Mickaloud explained an operational distinction that drove his remarks: some systems "observe, record, and generate new data," while others only sort or analyze records the department already holds. He told the council that nationally used law-enforcement databases such as LEADS and NCIC are governed by state and federal law and include training and audit controls; treating those systems as the same kind of "surveillance" the ordinance targets would create redundancy and constitutional concerns. He also said tools used only with judicial authorization should not be regulated the same way as programmatic monitoring.

On exigent circumstances, Mickaloud recommended language that reflects how law enforcement understands urgency — narrowly and time-limited to situations such as a missing person or imminent threat — and argued that authority in those moments typically rests with the chief of police or a designee rather than the mayor. "Adding an executive approval step in a time sensitive situation would slow response and undermine effective incident management," he said.

Mickaloud described the ordinance’s reporting and review obligations as a two-phase workload: a concentrated Phase 1 to inventory and bring existing technologies into compliance and a Phase 2 of ongoing annual reporting and updates. He estimated Phase 1 would require the department’s administrative staff, data analysts and "2 or 3" professional staff to compile inventory and reports, and said the work would not replace existing duties. "It would require at least a full-time position regardless," he said.

Councilmembers pressed for specifics. Grace and Mary Alice said use policies might cover certain investigatory uses (for example borrowing ALPRs or other equipment) while James and others asked whether the ordinance could allow borrowing technology from neighboring agencies for emergencies. Mickaloud said the city’s draft definition was based on several sources, including constitutional law and civil-liberties frameworks, and that the department had drafted proposed definition language intended to move exemptions into upfront criteria.

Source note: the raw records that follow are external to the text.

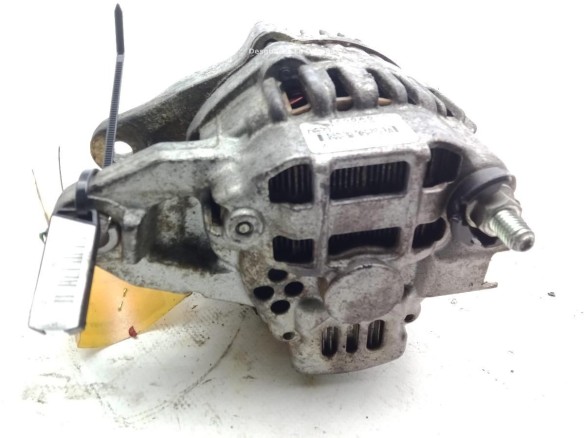 1800A070, ALTERNADOR MITSUBISHI COLT VI (Z3_A, Z2_A)|Desguaces La Cabaña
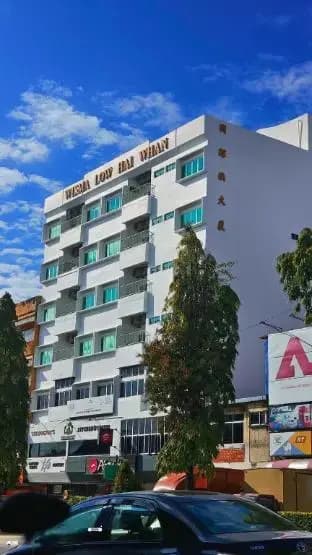 ALVILLA@Jalan Sultan Ismail - photo 1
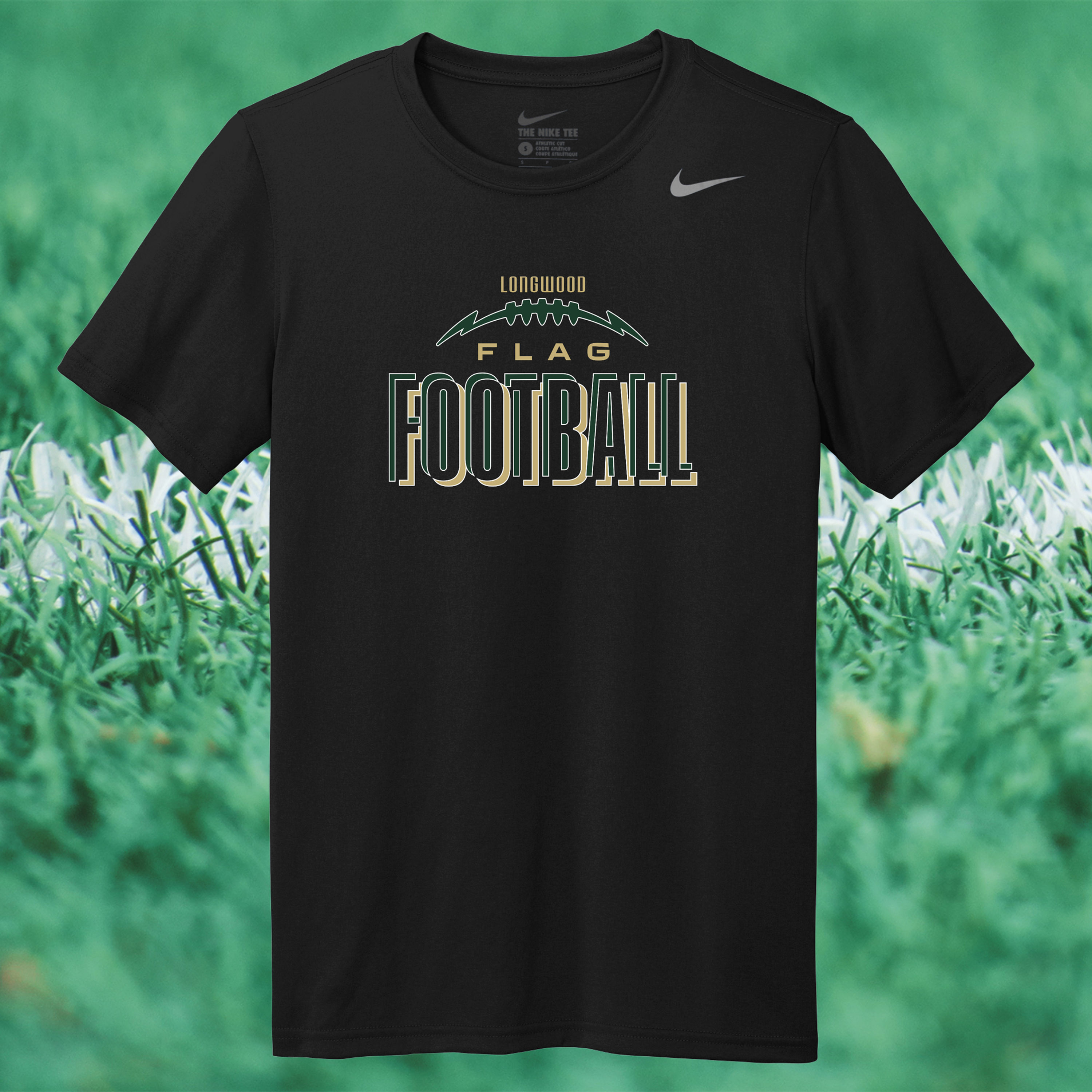 Nike Team Legend Tee - FLAG FOOTBALL
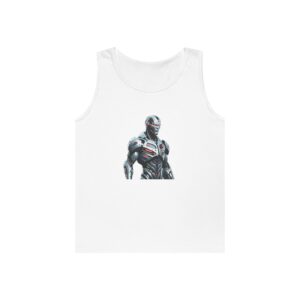 Cyborg Urbain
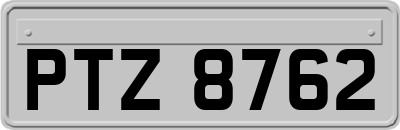 PTZ8762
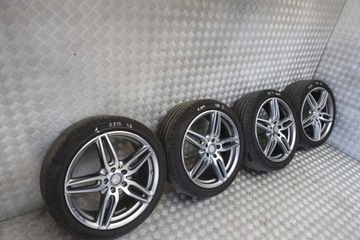 MERCEDES W213 AMG KOLA ALU 19 245/40R19 Z213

The presentation underscored points the council will need to decide: where to draw the line between investigative work and programmatic surveillance, who can authorize exigent uses, and how the city will staff and fund ongoing oversight. The council asked the department to share slides, the draft use-policy template and specific technology lists to inform ordinance refinement and future votes. The council did not vote on the ordinance at this meeting; staff and councilmembers agreed to follow up with more specific use policies and draft definition language.